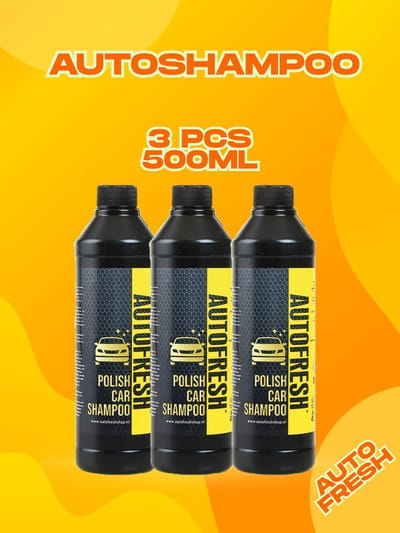AutoFresh Auto Shampoo Set met Glanzende Afwerking, Autopoetsen, Autowash 3x 500 ml (Bundel Pack)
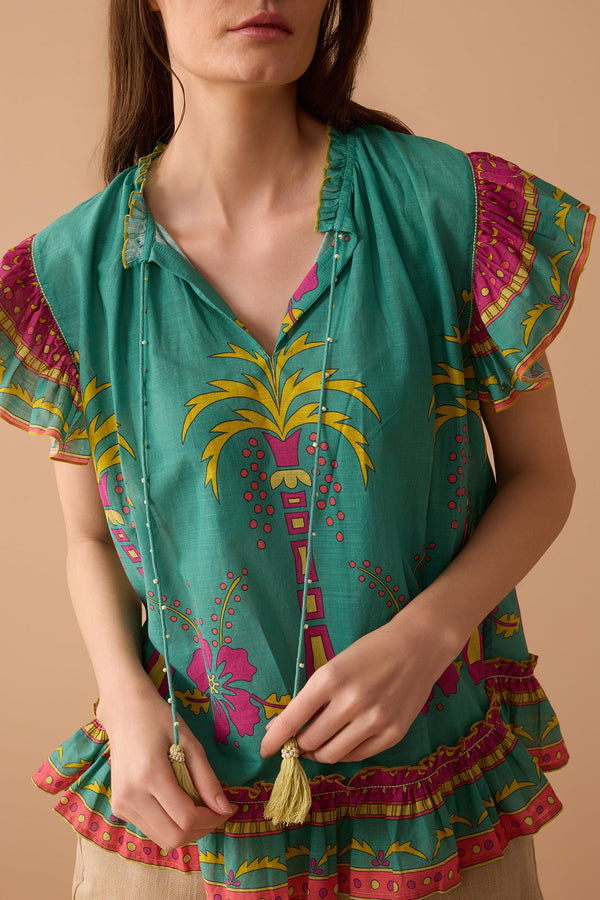 Coconut Island Ruffled Top  In Turquoise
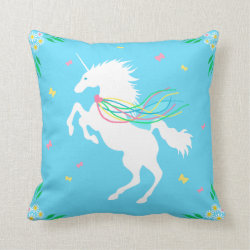 Unicorn in Spring Throw Pillow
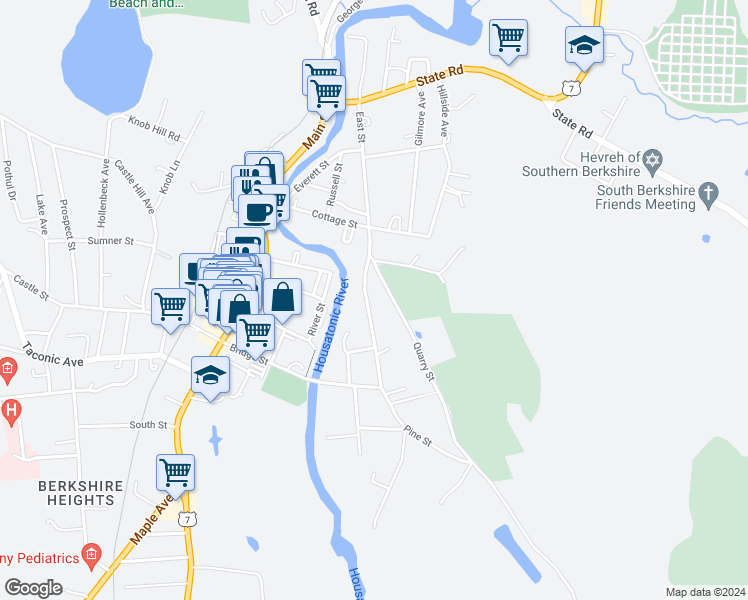 map of restaurants, bars, coffee shops, grocery stores, and more near 2-36 Quarry St in Great Barrington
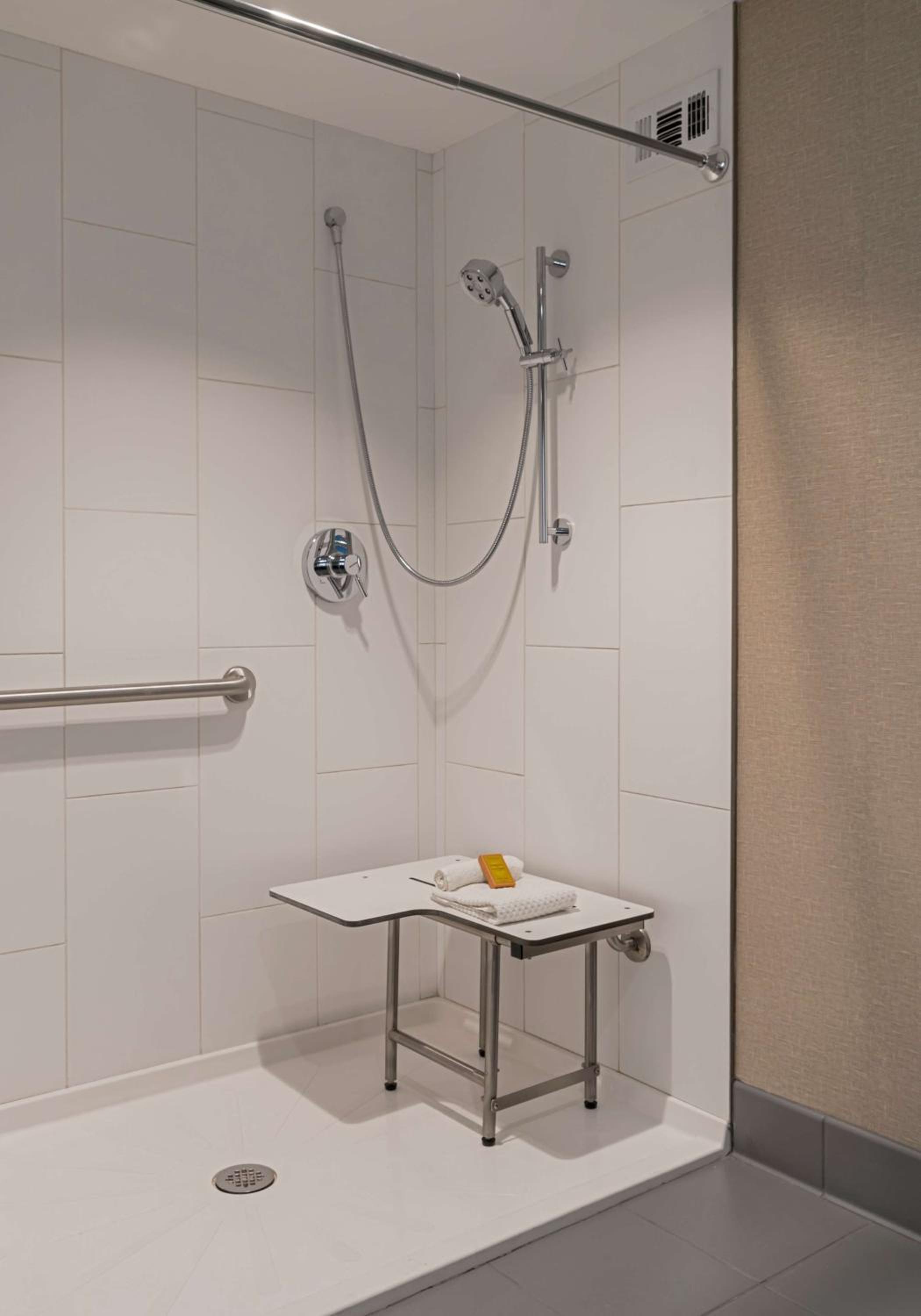 Double Room with Two Double Beds and Roll-In Shower - Mobility and Hearing Access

__Assigned task__
The expected output is the exact run of lines from the one containing "Unicorn in Spring Throw Pillow" through the final line of the data above, both ends included, with no pictures.

__Answer for the task__
 Unicorn in Spring Throw Pillow
 map of restaurants, bars, coffee shops, grocery stores, and more near 2-36 Quarry St in Great Barrington
 Double Room with Two Double Beds and Roll-In Shower - Mobility and Hearing Access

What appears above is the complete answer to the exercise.